Location: Greensboro, NC, United States

Sunday, October 02, 2011

Some Recent Typological Thoughts

Just a few things, mostly related to Revelation 11, which my Bible study group is currently in.


In Luke 3, John the Baptist tells the people that whereas he was baptizing with water, one (Jesus) would come after him and baptize with the Holy Spirit and fire (vs. 16). Peter follows the same pattern in 2 Peter 3 in distinguishing between the destruction of the ancient world and the destruction of "the heavens and the earth that now exist" (vs. 7). John the Baptist was a New Noah, leading the... repentant to safety through the flood waters, and bringing judgment on the unrepentant (1 Peter 3:18-22). Jesus would come to do the same, only this time with fire. As such, this seems to be the general pattern of the Old Testament (water) and the New Testament (fire), but also the pattern of the Christian life. Water is the means of Christian initiation, and fire the means of the Christian's sanctification (1 Peter 4:12).


The parallel between the Flood and the destruction of Jericho had never occurred to me before until this morning. Noah and his family entered the Ark, and in it was the only safety from the Flood. Likewise, the two spies told Rahab to bring her Father's family into the house. Outside of its doors none would be safe, but inside its doors none would be harmed by the flood of the Israelite army. It is reasonable then to see in both the Church, which is in Christ. All who are in Him are safe from destruction.


The two spies that Joshua sends to Jericho remain strangely unnamed in the text. But it is obvious that they are intended to point back to those faithful spies Joshua and Caleb, who first spied out the land, with ten others who also were unnamed, and were the only ones who believed God's promise. In a similar vein, we see in Revelation 11 the two unnamed witnesses, testifying against Jerusalem (...vs. 8). The typology tells us they are intended to point back to Moses and Elijah (vs. 6). Like Moses they came in the spirit of the Law, and like Elijah they came in the spirit of the Prophets (Rom. 3:21), testifying against those who would not believe in Jesus, the one who fulfilled the Law and the Prophets, and through whom God would fulfill His promises. The same type of destruction that came upon Jericho would come upon Jerusalem as well.


Absalom was killed while hanging from an oak tree, having been caught in the branches. And so he was a type of Christ. "Cursed is everyone who hangs on a tree." (Deut. 21:23; Gal. 3:13)


The two witnesses of Revelation 11 also point back to the two angels/men that Yahweh sent to examine Sodom after His conversation with Abraham (Genesis 18 & 19). It is the pattern of Scripture that judgment is made upon the testimony (witness) of two or three persons (Deut. 17:6, 19:15; 2 Cor. 13:1; 1 Tim. 5:19; Heb. 10:28). And God, fulfilling His own Law, sent two angels, that they might the state of Sodom and Gomorrah, to determine whether it was worthy of destruction (Gen. 18:20-21). As Yahweh sent fire down upon Sodom and Gomorrah (Gen. 19:24), so also fire would come from the mouths of the two witnesses of Revelation 11 as a judgment upon Jerusalem (Rev. 11:5). And lest we miss the parallel, we are told that this city was "spiritually called Sodom and Egypt, where their Lord was crucified" (Rev. 11:8). Jerusalem had become Sodom as well as Jericho; the Jews had become pagan Gentiles, persecuting the Messiah and His True People, the Church, and were receiving the judgment of God for it.
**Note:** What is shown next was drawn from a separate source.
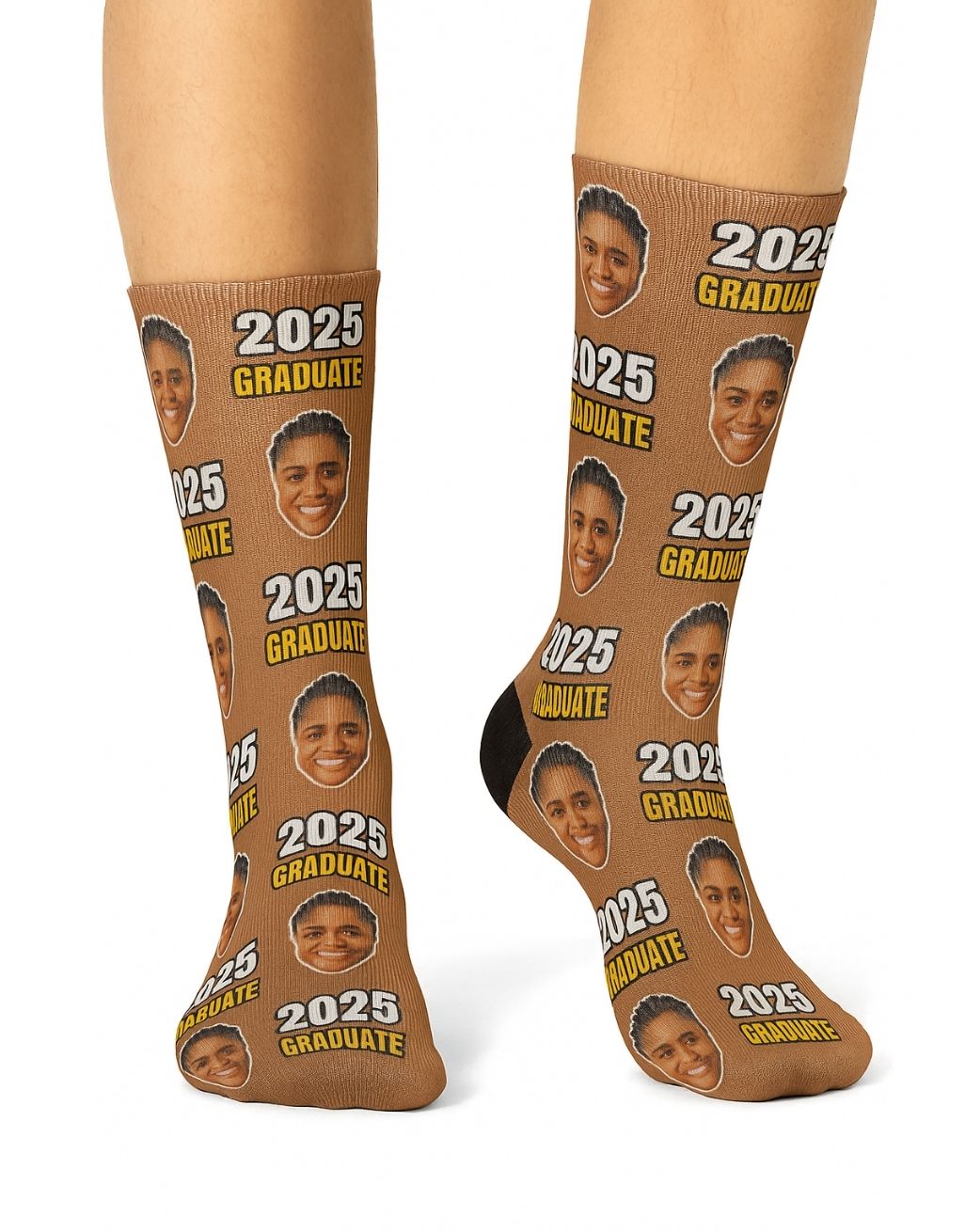 Custom Socks With Your Face & Graduation Year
God had told His people Israel that if they did not obey the words of His covenant, he would bring the plagues that he put upon Egypt upon Israel themselves, and even take them back in captivity to Egypt (Deut. 28:60, 68). This was partly fulfilled in the days of the reigns of Jeroboam and Rehoboam. Jeroboam brought Egypt and its false worship to Israel, by setting up golden calves in Israel (1 ...Kings 12:28-29). Just as Israel herself in the Exodus had failed to learn from Lot's wife (Lk. 17:32) and looked back to the food and worship of Egypt, so Jeroboam sought to turn Israel spiritually from Yahweh and back to Egypt. And in accordance with God's promise of judgment, Egypt attacked Jerusalem in the days of Rehoboam (1 Kings 14:25-26). As the Israelites had once plundered the Egyptians as a blessing from God upon their leaving Egypt (Ex. 12:35-36), so now they were plundered by the Egyptians, who even took vessels from the Temple and the king's palace, some of which had been made from the very materials that Israel had originally taken from Egypt. Though God at first intended to bring the full judgment of slavery He had promised, Rehoboam humbled himself and God relented from His anger (2 Chron. 12:7-8).

But in Revelation 11, we see the plagues of Egypt that God had promised finally brought in full upon Israel. Like Moses and Aaron coming with signs and wonders, bringing plagues upon the Egyptians and calling them to cease their persecution of His people, so the two witnesses would come with signs and wonders, bring those same plagues upon Israel, and deliver His Church from her.